**Task to complete:** Pictures stay out. Everything else in the listing below gets written out exactly.

*** Information provided ***

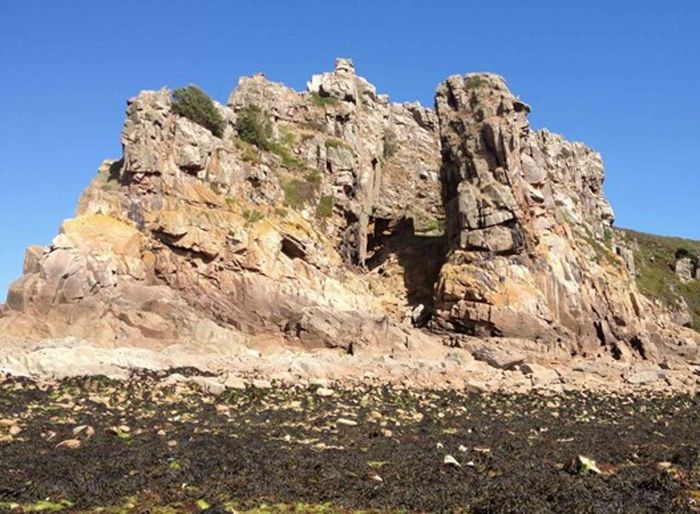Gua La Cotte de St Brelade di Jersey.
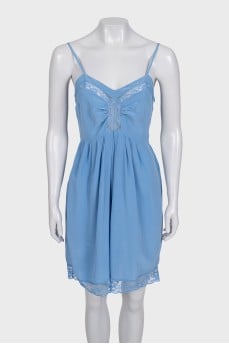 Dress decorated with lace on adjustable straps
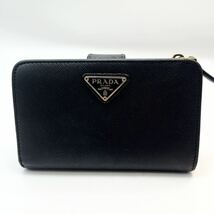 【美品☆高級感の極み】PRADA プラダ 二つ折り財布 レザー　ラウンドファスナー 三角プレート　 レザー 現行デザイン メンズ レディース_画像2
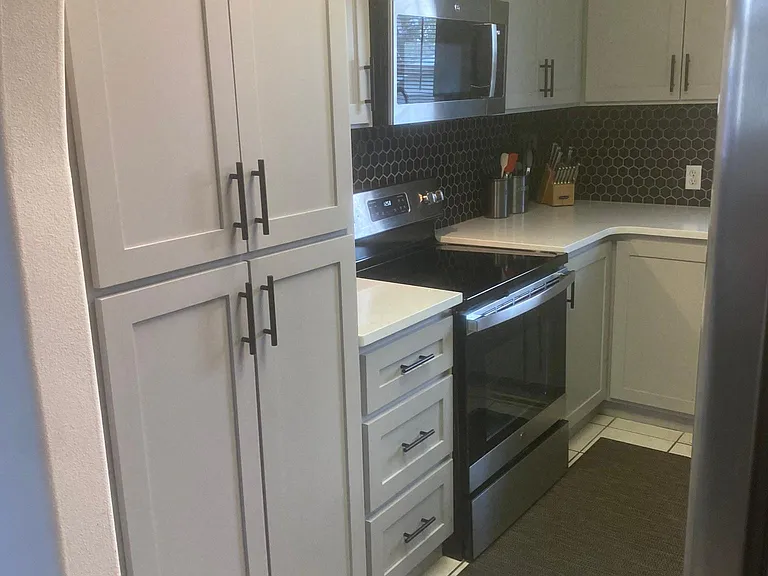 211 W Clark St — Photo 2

*** End of Information provided ***

**Exercise output:**
Gua La Cotte de St Brelade di Jersey.
 Dress decorated with lace on adjustable straps
 【美品☆高級感の極み】PRADA プラダ 二つ折り財布 レザー　ラウンドファスナー 三角プレート　 レザー 現行デザイン メンズ レディース_画像2
 211 W Clark St — Photo 2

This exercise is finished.